- Task details -
Copies of all lines containing the string "property" are needed from the data below.

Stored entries
* * *

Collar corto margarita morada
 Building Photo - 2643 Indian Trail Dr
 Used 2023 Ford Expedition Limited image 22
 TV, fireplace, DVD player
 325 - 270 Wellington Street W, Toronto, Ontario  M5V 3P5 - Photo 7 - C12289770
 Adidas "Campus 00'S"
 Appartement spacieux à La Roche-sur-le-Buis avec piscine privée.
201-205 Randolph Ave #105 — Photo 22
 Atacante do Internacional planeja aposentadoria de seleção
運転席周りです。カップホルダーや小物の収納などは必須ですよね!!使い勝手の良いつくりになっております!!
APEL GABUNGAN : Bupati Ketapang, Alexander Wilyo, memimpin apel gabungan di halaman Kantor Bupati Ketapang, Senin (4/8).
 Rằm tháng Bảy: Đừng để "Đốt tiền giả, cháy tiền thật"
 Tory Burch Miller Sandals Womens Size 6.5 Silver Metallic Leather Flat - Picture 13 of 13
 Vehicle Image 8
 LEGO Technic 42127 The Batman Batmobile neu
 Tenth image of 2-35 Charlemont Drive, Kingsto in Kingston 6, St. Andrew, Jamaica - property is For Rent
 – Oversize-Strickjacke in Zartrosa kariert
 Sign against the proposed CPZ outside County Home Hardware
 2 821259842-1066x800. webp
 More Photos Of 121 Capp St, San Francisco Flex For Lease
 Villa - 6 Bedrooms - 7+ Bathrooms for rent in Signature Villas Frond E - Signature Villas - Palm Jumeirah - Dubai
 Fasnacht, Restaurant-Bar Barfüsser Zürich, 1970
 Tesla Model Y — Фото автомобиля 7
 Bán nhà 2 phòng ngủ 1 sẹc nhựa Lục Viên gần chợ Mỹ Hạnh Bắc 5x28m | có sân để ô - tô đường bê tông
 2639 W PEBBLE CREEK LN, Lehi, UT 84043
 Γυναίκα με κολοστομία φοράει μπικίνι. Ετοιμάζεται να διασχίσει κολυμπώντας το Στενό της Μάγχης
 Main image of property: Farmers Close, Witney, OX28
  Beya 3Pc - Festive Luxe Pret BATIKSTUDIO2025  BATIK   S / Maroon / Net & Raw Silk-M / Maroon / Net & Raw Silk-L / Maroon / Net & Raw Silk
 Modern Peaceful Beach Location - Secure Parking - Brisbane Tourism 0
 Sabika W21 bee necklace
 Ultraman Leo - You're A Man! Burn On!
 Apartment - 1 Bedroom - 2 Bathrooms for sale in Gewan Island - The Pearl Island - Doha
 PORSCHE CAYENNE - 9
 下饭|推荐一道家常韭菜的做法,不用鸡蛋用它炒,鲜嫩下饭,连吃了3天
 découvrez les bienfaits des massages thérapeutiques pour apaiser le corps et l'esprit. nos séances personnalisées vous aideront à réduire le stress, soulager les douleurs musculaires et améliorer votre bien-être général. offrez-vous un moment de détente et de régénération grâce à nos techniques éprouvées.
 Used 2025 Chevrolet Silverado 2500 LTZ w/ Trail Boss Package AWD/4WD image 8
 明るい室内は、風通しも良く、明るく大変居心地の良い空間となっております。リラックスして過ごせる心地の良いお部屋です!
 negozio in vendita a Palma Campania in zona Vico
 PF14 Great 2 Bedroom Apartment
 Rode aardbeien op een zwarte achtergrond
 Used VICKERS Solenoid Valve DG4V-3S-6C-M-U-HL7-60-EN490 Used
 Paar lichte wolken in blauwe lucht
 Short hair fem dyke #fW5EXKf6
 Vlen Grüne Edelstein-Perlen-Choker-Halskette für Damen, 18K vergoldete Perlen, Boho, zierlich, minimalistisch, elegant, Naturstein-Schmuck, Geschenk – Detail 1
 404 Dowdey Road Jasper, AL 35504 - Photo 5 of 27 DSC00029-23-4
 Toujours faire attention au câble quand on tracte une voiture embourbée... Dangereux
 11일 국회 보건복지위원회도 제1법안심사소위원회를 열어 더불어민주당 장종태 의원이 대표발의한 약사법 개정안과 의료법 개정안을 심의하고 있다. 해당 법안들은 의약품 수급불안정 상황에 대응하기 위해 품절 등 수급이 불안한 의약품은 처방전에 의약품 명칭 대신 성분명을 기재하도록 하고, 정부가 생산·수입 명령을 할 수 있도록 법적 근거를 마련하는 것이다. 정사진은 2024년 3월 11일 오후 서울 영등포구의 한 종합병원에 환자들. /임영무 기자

* * *

- The answer -
 Tenth image of 2-35 Charlemont Drive, Kingsto in Kingston 6, St. Andrew, Jamaica - property is For Rent
 Main image of property: Farmers Close, Witney, OX28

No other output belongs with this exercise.